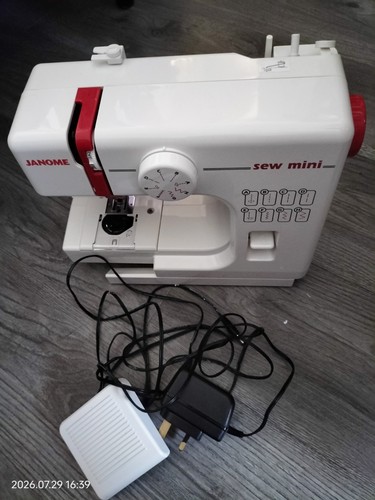 Janome ja525 electric - janome,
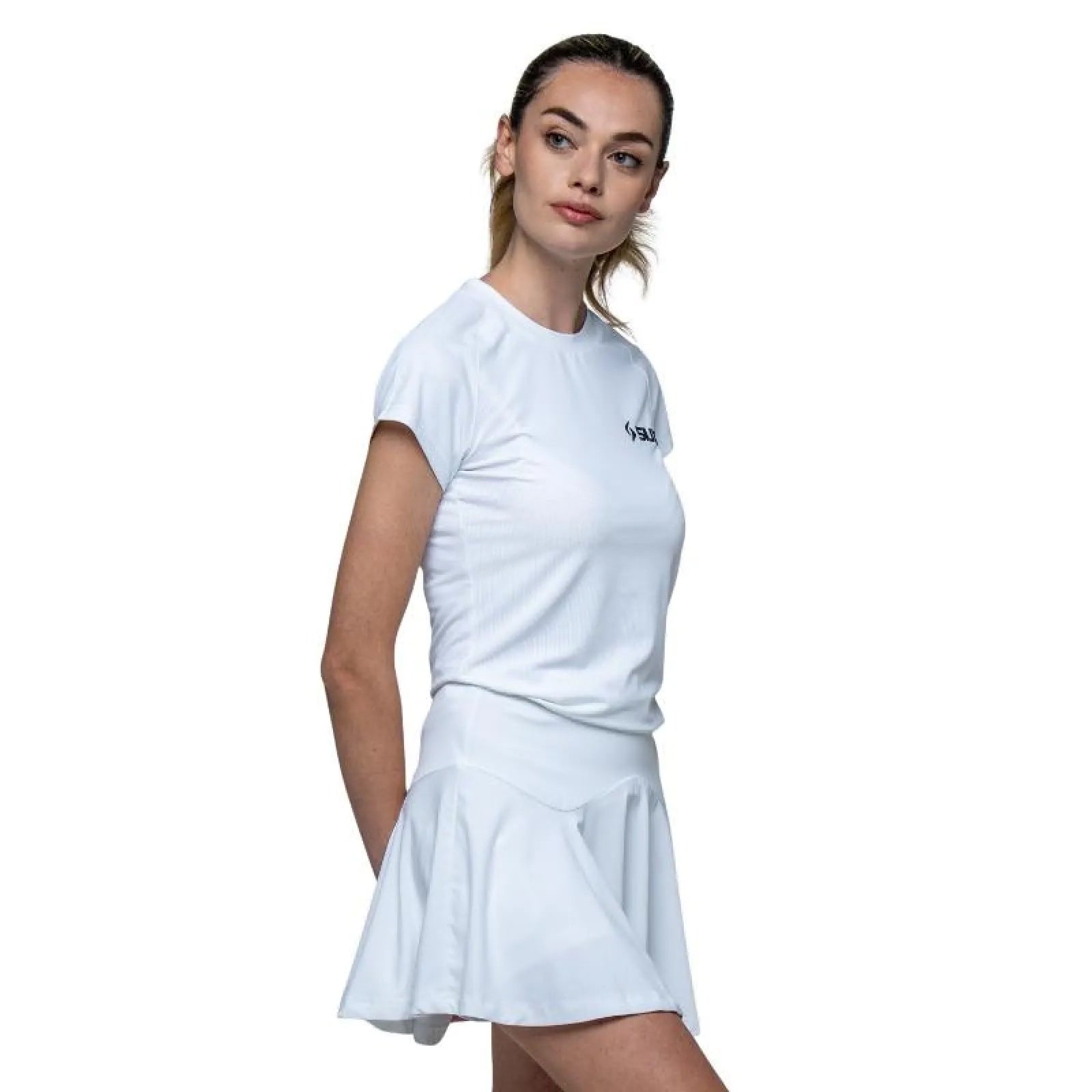 Camiseta Siux Match 26 Mujer Blanca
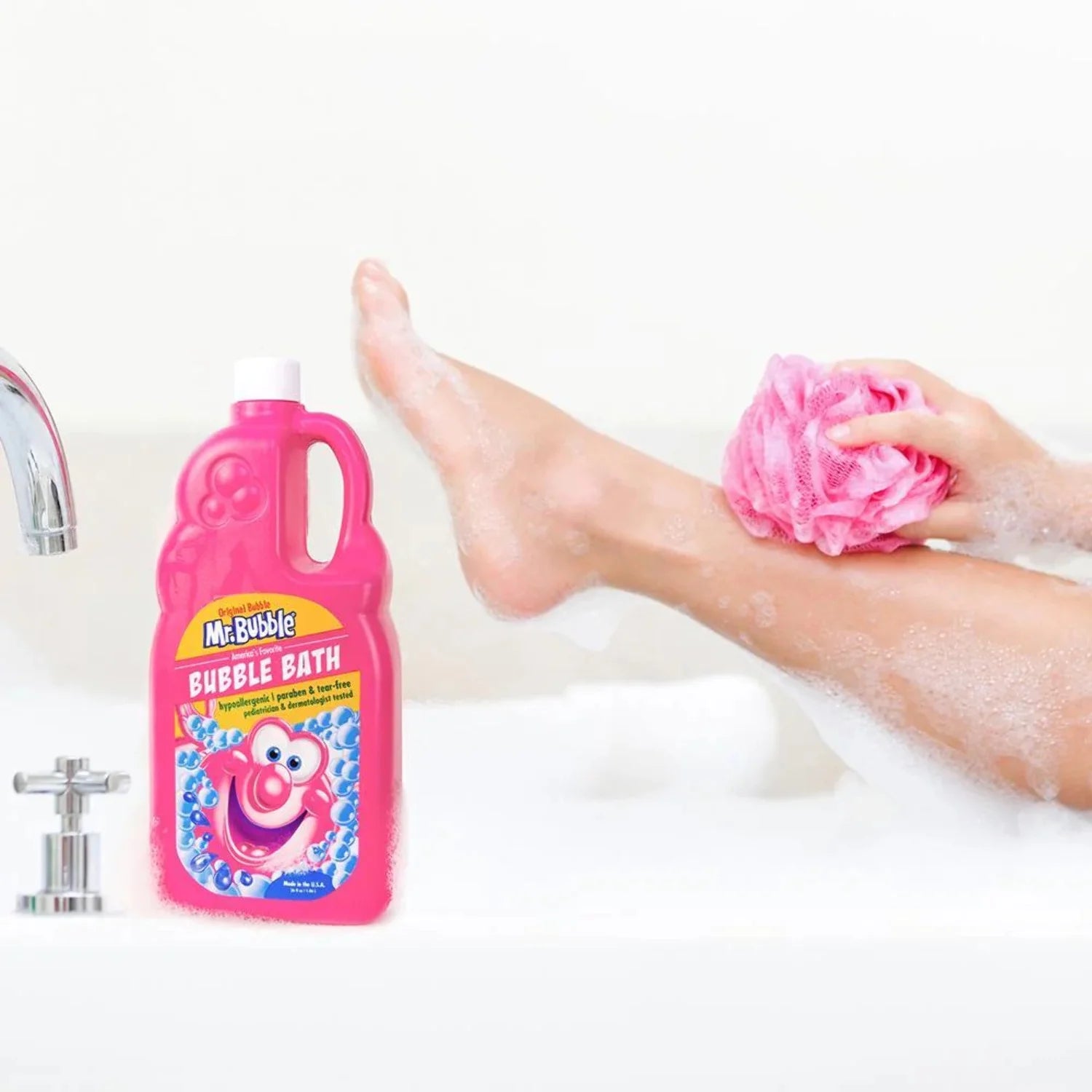 Original Bubblegum Scent Bubble Bath, 16 fl oz O131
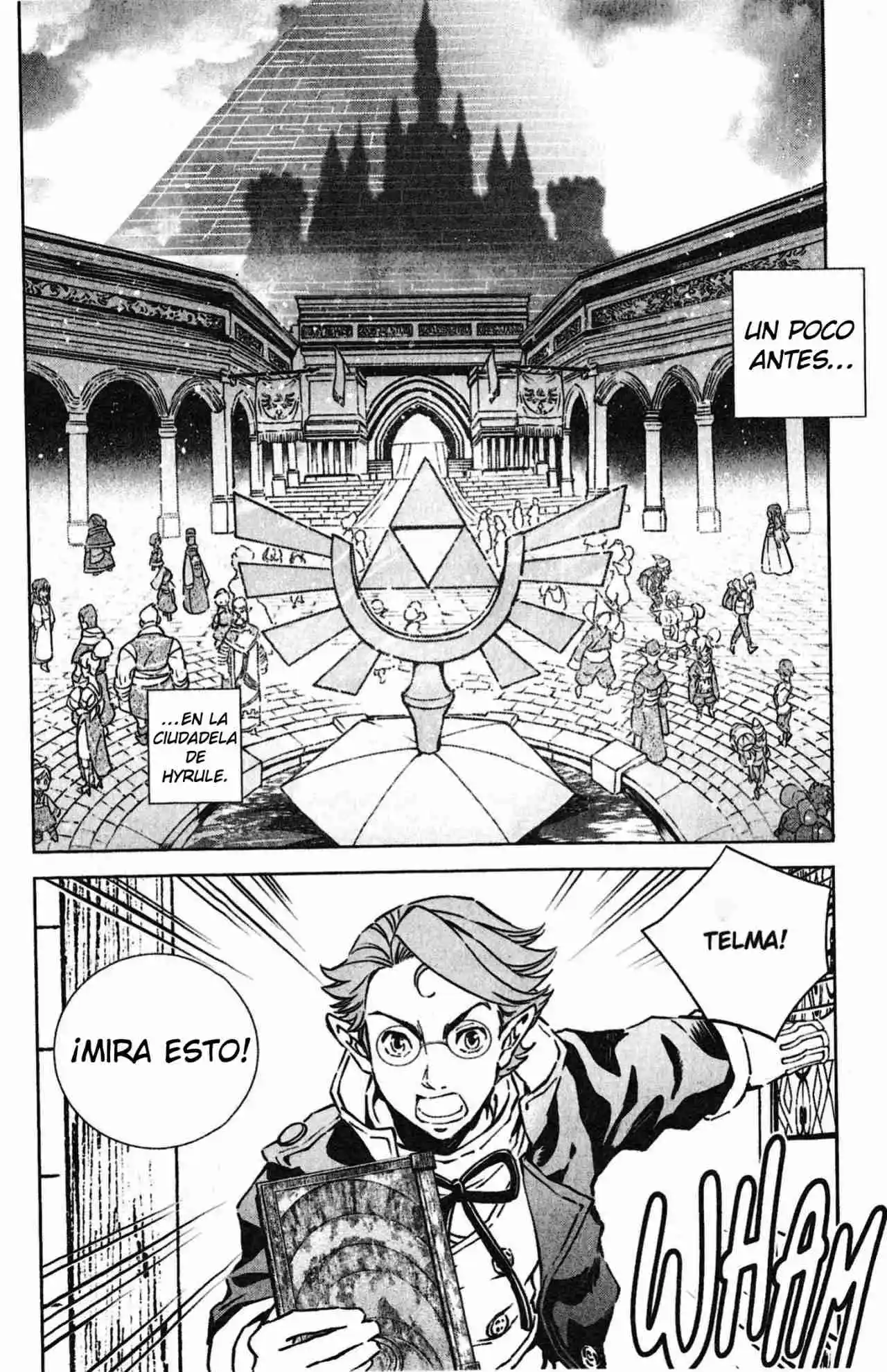 La Leyenda De Zelda: La Princesa Del Crepúsculo - Capítulo 44 - Página 2 - LectorTMOo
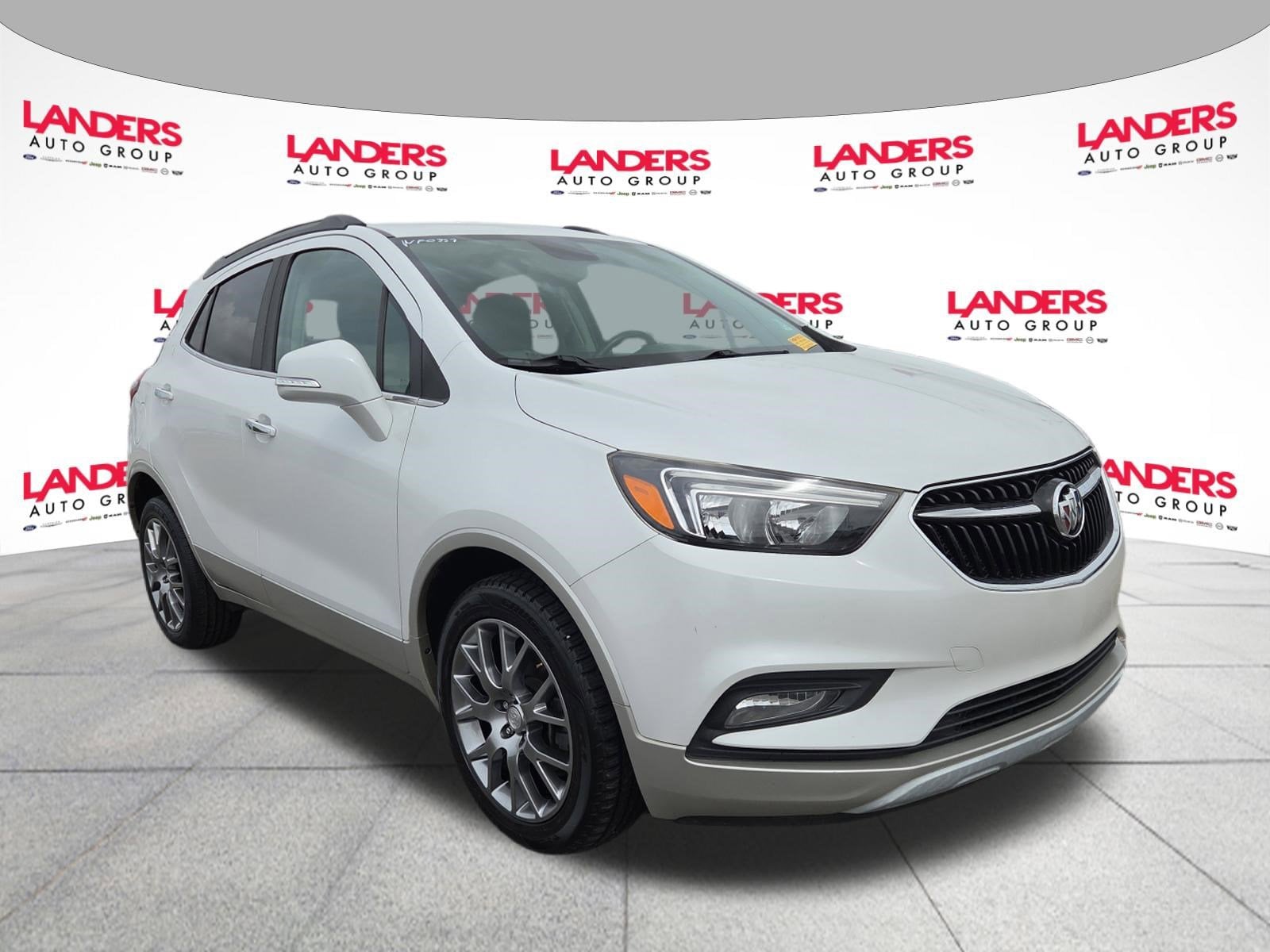 2017 Buick Encore Sport Touring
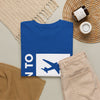 Born to Fly T-Shirt — Casual Classic Tee for Aviation Lovers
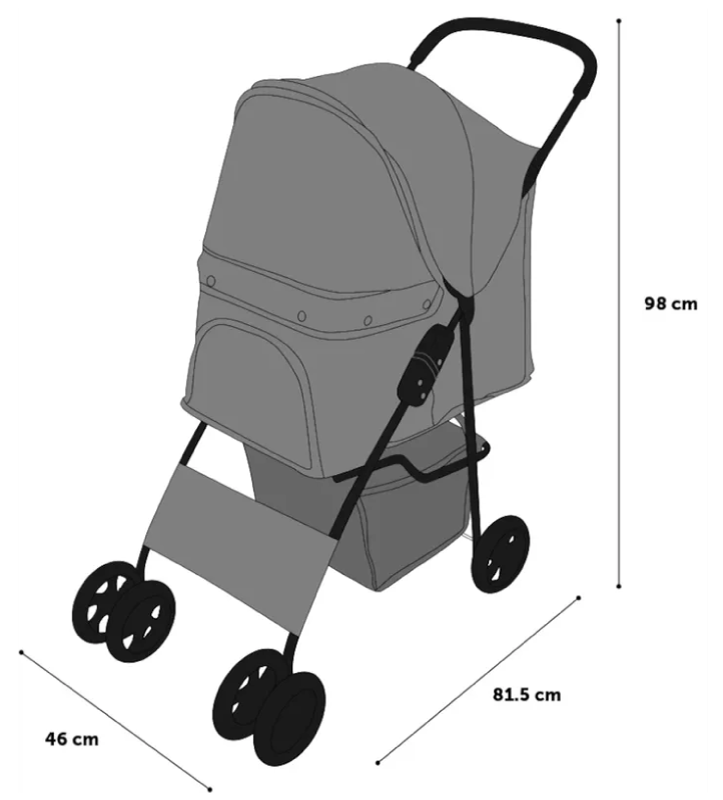Flamingo - Passeggino Anda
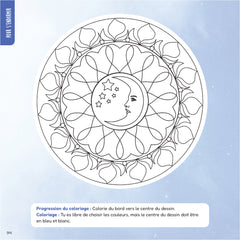 Mes mandalas à colorier pour apaiser mes émotions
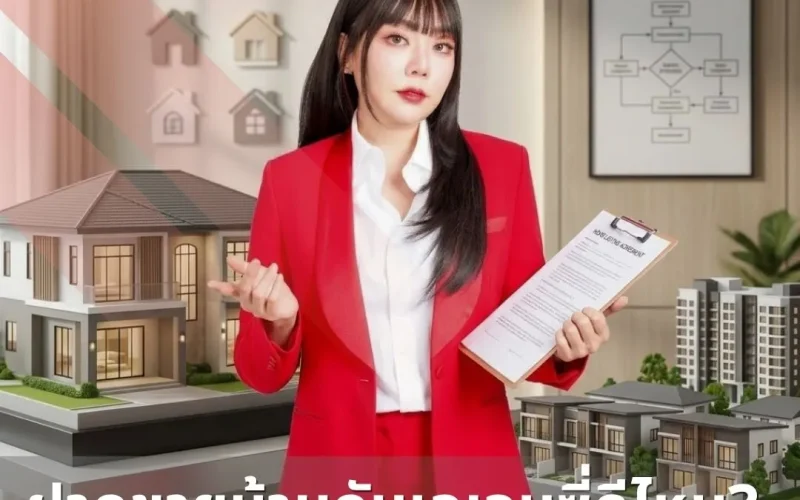 ฝากขายบ้านกับเอเจนซี่ดีไหม-ข้อดีข้อเสียที่ควรรู้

- - -

## Exercise description
Set down exactly, with no additions, each line from the line that includes "Mes mandalas à" to the final line of the entries above; leave pictures out.

## Solution to the exercise
 Mes mandalas à colorier pour apaiser mes émotions
 ฝากขายบ้านกับเอเจนซี่ดีไหม-ข้อดีข้อเสียที่ควรรู้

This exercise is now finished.